Stored dataset items:
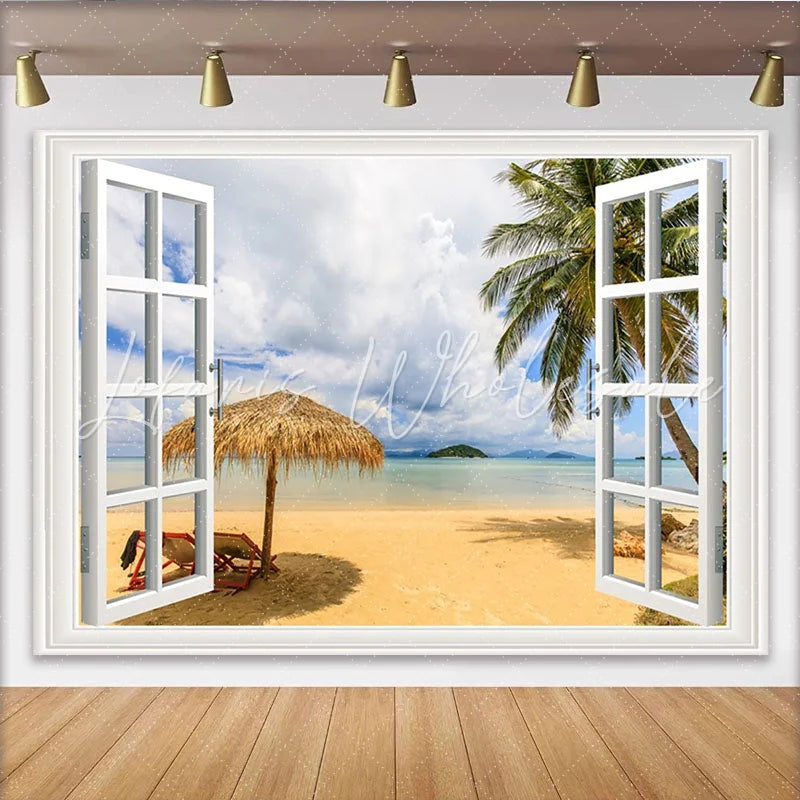 Lofaris White Window Frame Tropical Beach Photography Backdrop Scenic Ocean View Background for Summer Vacation Photoshoot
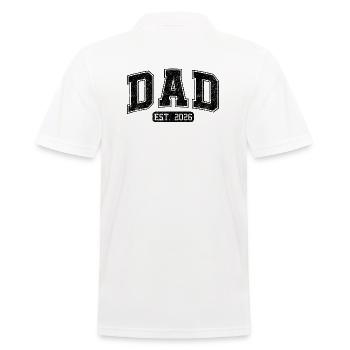 Papa est en 2026 Nouveau Papa Papa sera la fête des pères en 2026 - Polo Homme - blanc - Dos - Kai (181cm)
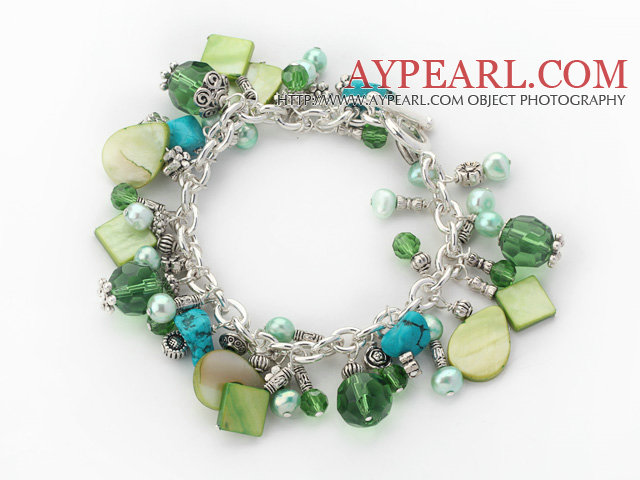 Assorted Green Freshwater Pearl Crystal and Green Shell and Turquoise Bracelet with Metal Chain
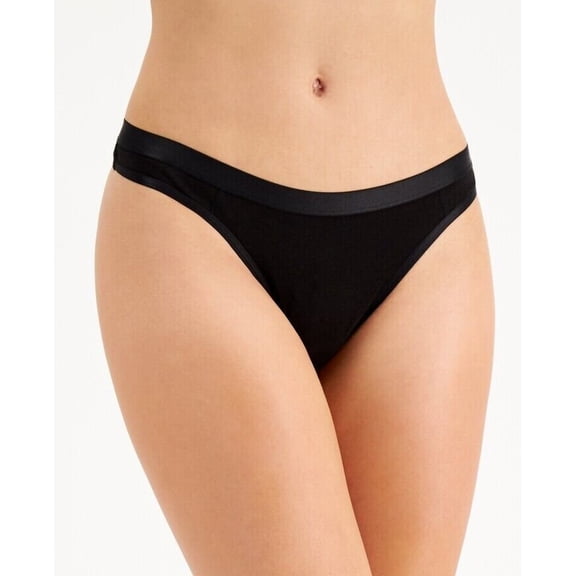 Jenni Womens Seamless Thong Underwear Black Size XXXL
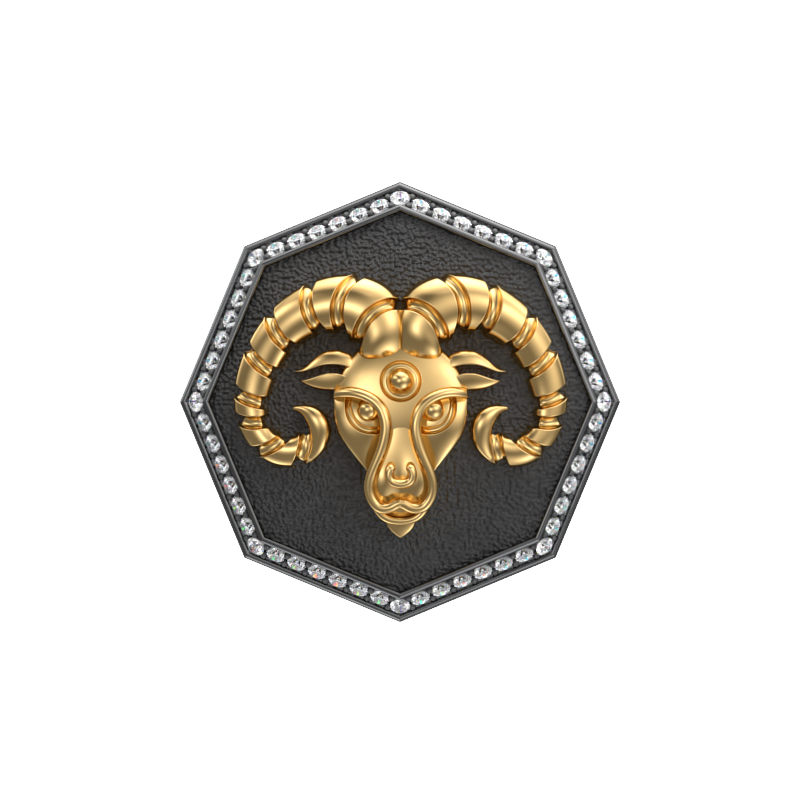 Aries Zodiac Luxe, Constellation Cufflink Set with CZ Diamonds, 18kt Gold & Black Ruthenium Plating on Brass.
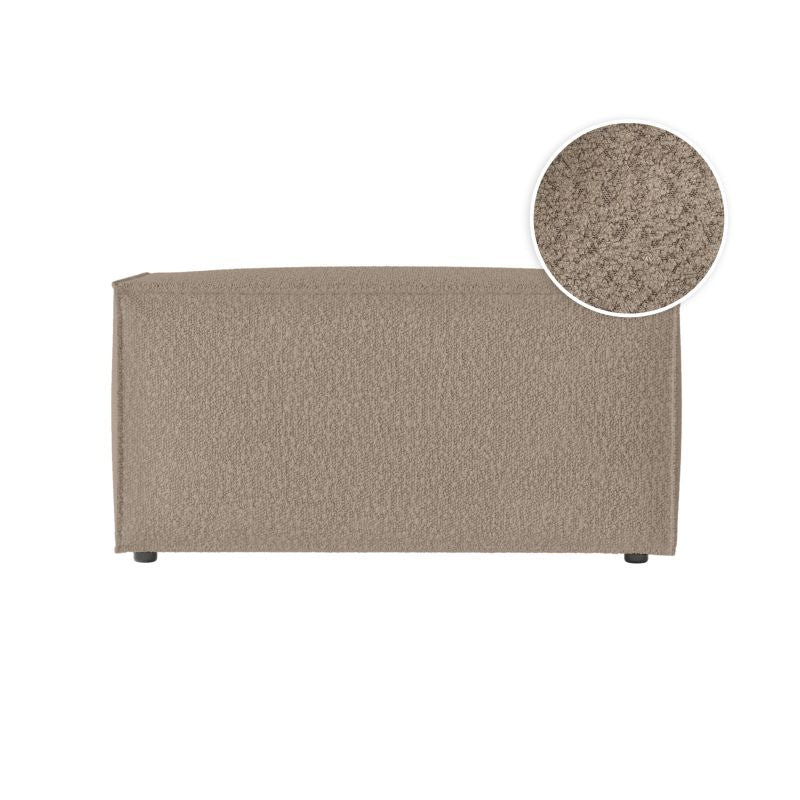 ZENTARA - Pouf en tissu bouclette - Taupe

▶ **YOUR GOAL**: Omit all pictures and write out, exactly, only the lines from the line containing "Jenni Womens Seamless" through the last line of the entries above.

▶ **RESPONSE BOX**:
 Jenni Womens Seamless Thong Underwear Black Size XXXL
 Aries Zodiac Luxe, Constellation Cufflink Set with CZ Diamonds, 18kt Gold & Black Ruthenium Plating on Brass.
 ZENTARA - Pouf en tissu bouclette - Taupe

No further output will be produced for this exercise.